While in India, in the early part of this year (1896), Dr. Roger S. Chew, of Calcutta, who, having been laid out for dead, and narrowly escaped living sepulture, has had the best reasons for studying the subject, gave me particulars of the following cases:—

“Frank Lascelles, aged thirty-two years, was seated at breakfast with a number of us young fellows, and was in the middle of a burst of hearty laughter, when his head fell forward on his plate and he was ‘dead.’ As there was a distinct history of cardiac disease in his family, while he himself had frequently been treated for valvular disease of the heart, he was alleged to have ‘died’ of cardiac failure, and was duly interred in the Coonor Cemetery. Some six months later, permission was obtained to remove his remains to St. John’s Church-yard in Ootacamund. The coffin was exhumed, and, as a ‘matter of form,’ the lid removed to identify the resident, when, to the horror of the lookers-on, it was noticed that, though mummification had taken place, there had been a fearful struggle underground, for the body, instead of being on its back as it was when first coffined, was lying on its face, with its arms and legs drawn up as close as the confined space would permit. His trousers (a perfectly new pair) were burst at the left knee, while his shirt-front was torn to ribands and bloodstained, and the wood of that portion of the coffin immediately below his mouth was stained a deep reddish-brown-black (blood). Old Dr. Donaldson, whom we were all very fond of, tried to explain matters by saying that the jolting of the coffin on its way to the cemetery had overturned the body, and that the blood stains on the shirt and wood were the natural result of blood flowing (i.e. oozing) out of the mouth of the corpse as it lay face downwards. A nice theory, but scarcely a probable one, as all the jolting in creation could not possibly turn a corpse over in an Indian coffin, which is so built that there is scarcely two inches spare space over any portion of the contained body, and unless the supposed corpse regained consciousness and exerted considerable force, it could not possibly turn round in its narrow casket.

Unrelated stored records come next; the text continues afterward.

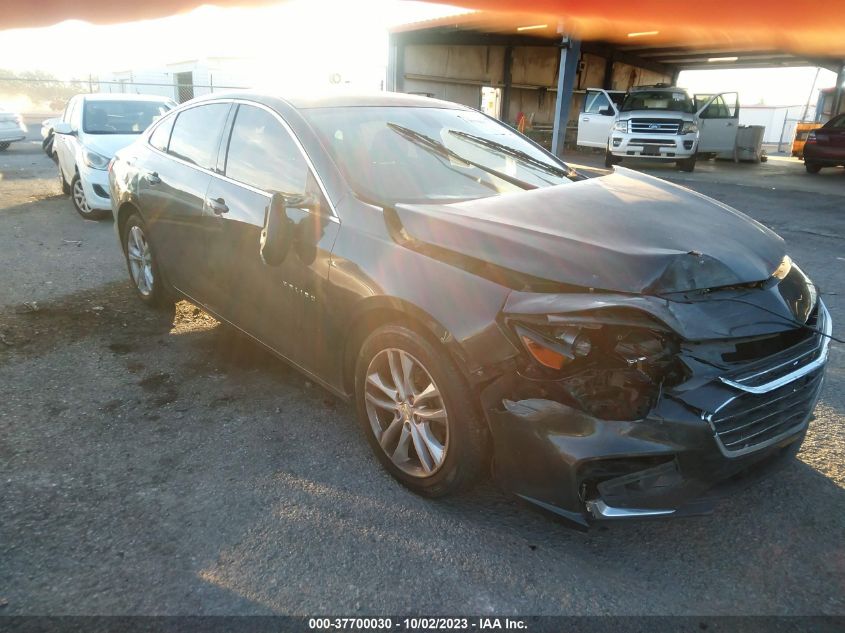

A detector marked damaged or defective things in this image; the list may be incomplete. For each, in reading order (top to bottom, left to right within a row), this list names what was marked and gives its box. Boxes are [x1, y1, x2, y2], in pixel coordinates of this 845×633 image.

crumpled hood [83, 133, 142, 157]
crumpled hood [396, 169, 784, 296]
broken headlight [508, 312, 684, 420]
damaged front end [482, 260, 832, 524]
detached bumper piece [482, 302, 832, 528]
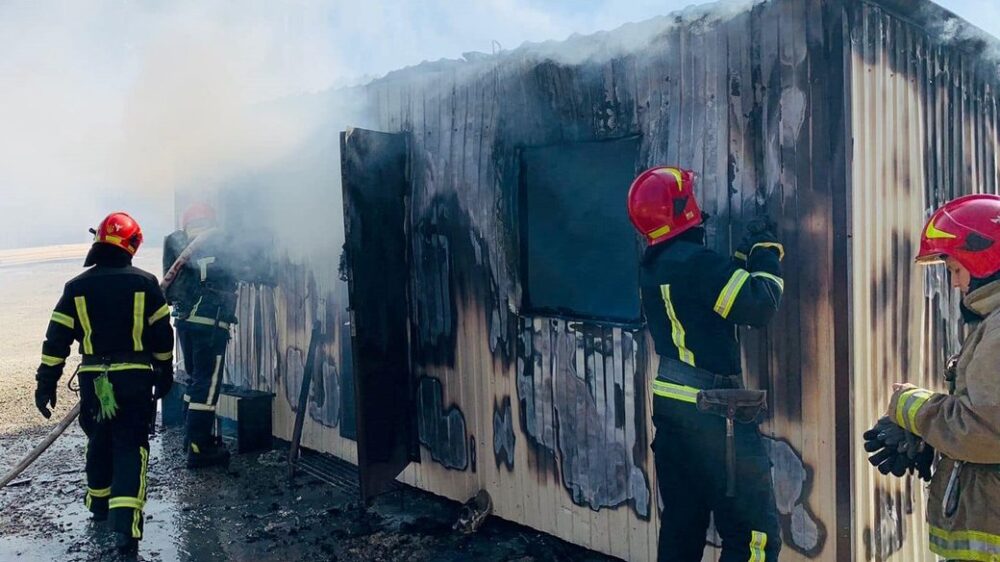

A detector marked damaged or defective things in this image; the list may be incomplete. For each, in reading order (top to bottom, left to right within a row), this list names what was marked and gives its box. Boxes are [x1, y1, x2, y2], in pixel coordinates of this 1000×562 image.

charred door opening [338, 128, 416, 504]
charred door opening [520, 136, 644, 322]
burnt debris on ground [0, 424, 616, 560]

“Mary Norah Best, aged seventeen years, an adopted daughter of Mrs. C. A. Moore, née Chew,DR. ROGER S. CHEW’S CASES. ‘died’ of cholera, and was entombed in the Chew’s vault in the old French cemetery, at Calcutta. The certifying surgeon was a man who would have benefited by her death, and had twice (though ineffectually) attempted to put an end to her adopted mother, who fled from India to England after the second attempt on her life, but, unfortunately, left the girl behind. When Mary ‘died’ she was put into a pine coffin, the lid of which was nailed, not screwed, down. In 1881, ten years or so later, the vault was unsealed to admit the body of Mrs. Moore’s brother, J. A. A. Chew. On entering the vault, the undertaker’s assistant and I found the lid of Mary’s coffin on the floor, while the position of the skeleton (half in, half out of the coffin, and an ugly gash across the right parietal bone) plainly showed that after being entombed Mary awoke from her trance, struggled violently till she wrenched the lid off her coffin, when she either fainted away with the strain of the effort in bursting open her casket, and while falling forward over the edge of her coffin struck her head against the masonry shelf, and died almost immediately; or, worse still,—as surmised by some of her clothing which was found hanging over the edge of the coffin, and the position of her right hand, the fingers of which were bent and close to where her throat would have been had the flesh not rotted away,—she recovered consciousness, fought for life, forced her coffin open, and, sitting up in the pitchy darkness of the vault, went mad with fright, tore her clothes off, tried to throttle herself, and banged her head against the masonry shelf until she fell forward senseless and dead.”